Hamza Hamzaoğlu, futbolcularını tanımaya, ortaya yenilikler koymaya çalışıyor. Mesela geldiğinden beri forvet arkasında denenen Obertan’ı, tıpkı M.United’da parladığı mevkide, sol kanatta değerlendirdi. Oradaki Eduok’u, tıpkı Kasımpaşa’daki gibi sağ kanada, enerji dolu Taylan‘ı da 10 numaraya koydu. Bu değişim Erzurumspor’un, sezonun en fazla rakip kalede topla buluştuğu, en çok şut çektiği ilk yarısını oynadığı maç oldu. Ünal Karaman’la ilgili konuya yine ‘ama eksik çok’ diye başlayalım. Özellikle Toure’yi sağ bek oynatma mecburiyetinde kalması vahim gerçekten. Kasımpaşa maçında Hüseyin Türkmen’i orada oynatınca defansın göbeği sarsılmıştı. Erzurum karşısında en azından ceza sahası içi sağlam olsun diye hamle yaptı ama sürekli değişkenlik orada da ciddi sorunlar yaşattı. İlk yarıda gol gelmemesi tamamen Erzurumspor’daki son vuruş yetersizliği veya kararsızlığındandı. Biri yeni görev alması, diğeri hamle gücü zayıfl ığı nedeniyle iki teknik adam da birçok konuda hoş görülebilir ama şu hataları asla: Ev sahibi ekibin özel ismi Obertan’ın karşısında çakma bek Toure vardı ve Fransız oyuncu şansı yaver gitse maçı ilk yarıda tek başına koparabilirdi, gelen yardımlar yetersizdi. Öte yanda; Trabzonspor’u haftalardır sadece Nwakaeme taşıyor. Tolga daha ilk dakikalarda orada çaresiz kaldı. Halbuki Hamzaoğlu, ön liberolardan birini iyice oraya yakın oynatabilirdi zira bordo-mavililerin göbekten gelecek gücü yoktu ama önlem almadı hiç. Bütün pozisyonlar oradan geldi, Nwakaeme’nin golü de! Bu karşılaşmaya kısmen ‘son şans’ diye bakan Erzurumspor’da stres çok erken devreye girdi. İyi oynadığı ilk yarının tam tersi bir ikinci yarıydı, tamamen durdular ve umutlarını mucizelere bıraktılar.

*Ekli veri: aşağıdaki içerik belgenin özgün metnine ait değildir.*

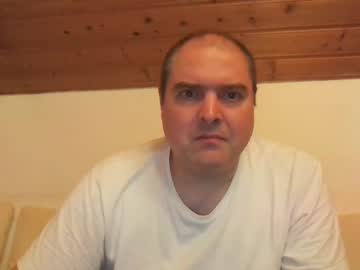 Bear037 Chaturbate stream image from September 30, 2025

NECMİ PEREKLİ - FOTOMAÇ - ERZURUM, KENDİ AYAĞINA SIKTI!
Trabzonspor anlaşılması da anlatılması da zor bır takım. Erzurumspor ise ilk yarıda eline geçirdiği 13 ayrı pozisyon ve birkaç gol fırsatını adeta acemi çocuklar gibi harcayarak kendi ayaklarına kurşun sıktı. Oysa karşılarında ne futbol oynamaya ne rakibe gol atmaya niyeti olmayan bir Trabzonspor vardı. Bunca pozisyonları hovardaca harcamayıp değerlendirebilse belki de ilerde bu tehlikeli bölgeden kurtulma umudu olabilirdi. Fakat eline geçen bu fırsatı teperek kendi şansını zora soktu. Gelelim tekrar bordo-mavili ekibe. Evet hedef olan 3 puanı aldı almasına da ortada dördüncülüğe yakışan ne bir oyun ne de bir performans gözükmedi. Öyle ya bir alt lige düşmeme mücadelesi veren bir takıma sen bir sürü pozisyon veriyorsun. Bunları nasıl görmezlikten gelelim. Savunmayı ise komple şikayet etmek gerekir de ama nasıl ve kime? Bunlar kaleci Uğurcan'ı gün olur yakarlar. İkinci yarı rakibin kendilerine gol atmayacağını anlamış olacak ki Trabzonspor bir nebze daha hareketlendi. Fakat bu hareketlenme ancak onlara bir gollük avantaj sağlayabildi o kadar. Demek ki ne düşme çizgisinde olan da ne de ligin 4. sırasında olan takım da renk yok. Bu ara hareketlenme teşhisimiz olsa olsa rakibin kendisi de gol atamayacağını anlayıp vitesi boşa almasından olsa gerek. Bu ağır futbolun neticesine baktığımızda Trabzonspor istediği 3 puanı aldı fakat Erzurumspor ise kendisini alt çizgilere iyice yerleştirdi. Bu tablo bize Turk futbolunun resmi fotoğrafını göstermektedir.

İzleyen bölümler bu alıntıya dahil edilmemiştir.